In the data below, one line contains "2 araras, 1" and a later one contains "Lila+Hayes PJ set.". Print both, with every line between them, exactly and alone.

++++ Provided entries

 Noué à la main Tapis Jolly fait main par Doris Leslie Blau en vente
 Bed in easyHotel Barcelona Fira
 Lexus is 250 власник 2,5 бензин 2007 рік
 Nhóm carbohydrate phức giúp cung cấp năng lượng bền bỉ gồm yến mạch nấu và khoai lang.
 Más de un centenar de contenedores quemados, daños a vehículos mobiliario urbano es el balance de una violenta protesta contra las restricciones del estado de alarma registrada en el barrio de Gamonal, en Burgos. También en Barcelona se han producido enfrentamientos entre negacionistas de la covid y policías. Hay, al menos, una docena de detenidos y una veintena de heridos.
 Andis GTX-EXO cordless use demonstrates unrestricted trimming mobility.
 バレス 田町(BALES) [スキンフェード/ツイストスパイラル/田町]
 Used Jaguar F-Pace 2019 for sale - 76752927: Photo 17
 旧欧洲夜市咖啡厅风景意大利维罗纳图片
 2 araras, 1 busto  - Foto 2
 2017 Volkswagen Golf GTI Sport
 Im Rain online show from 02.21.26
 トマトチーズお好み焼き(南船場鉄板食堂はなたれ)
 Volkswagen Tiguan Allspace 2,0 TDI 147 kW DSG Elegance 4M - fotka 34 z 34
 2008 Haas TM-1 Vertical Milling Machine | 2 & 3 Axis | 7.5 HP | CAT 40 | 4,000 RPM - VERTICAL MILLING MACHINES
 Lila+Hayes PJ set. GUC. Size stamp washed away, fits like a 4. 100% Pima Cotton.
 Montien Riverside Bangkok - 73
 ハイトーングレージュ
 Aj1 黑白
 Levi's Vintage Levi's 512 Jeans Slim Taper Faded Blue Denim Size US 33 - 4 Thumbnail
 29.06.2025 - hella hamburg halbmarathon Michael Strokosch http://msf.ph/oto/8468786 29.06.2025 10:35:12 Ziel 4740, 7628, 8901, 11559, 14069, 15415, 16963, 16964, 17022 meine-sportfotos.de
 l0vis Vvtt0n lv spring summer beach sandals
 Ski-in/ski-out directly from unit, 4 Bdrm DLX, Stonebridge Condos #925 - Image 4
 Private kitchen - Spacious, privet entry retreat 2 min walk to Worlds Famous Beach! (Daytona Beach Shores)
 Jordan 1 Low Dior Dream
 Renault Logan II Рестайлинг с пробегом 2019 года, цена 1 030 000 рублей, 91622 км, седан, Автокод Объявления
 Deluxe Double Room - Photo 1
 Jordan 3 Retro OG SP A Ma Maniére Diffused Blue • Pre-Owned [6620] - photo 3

++++++++

__Task response__.
 2 araras, 1 busto  - Foto 2
 2017 Volkswagen Golf GTI Sport
 Im Rain online show from 02.21.26
 トマトチーズお好み焼き(南船場鉄板食堂はなたれ)
 Volkswagen Tiguan Allspace 2,0 TDI 147 kW DSG Elegance 4M - fotka 34 z 34
 2008 Haas TM-1 Vertical Milling Machine | 2 & 3 Axis | 7.5 HP | CAT 40 | 4,000 RPM - VERTICAL MILLING MACHINES
 Lila+Hayes PJ set. GUC. Size stamp washed away, fits like a 4. 100% Pima Cotton.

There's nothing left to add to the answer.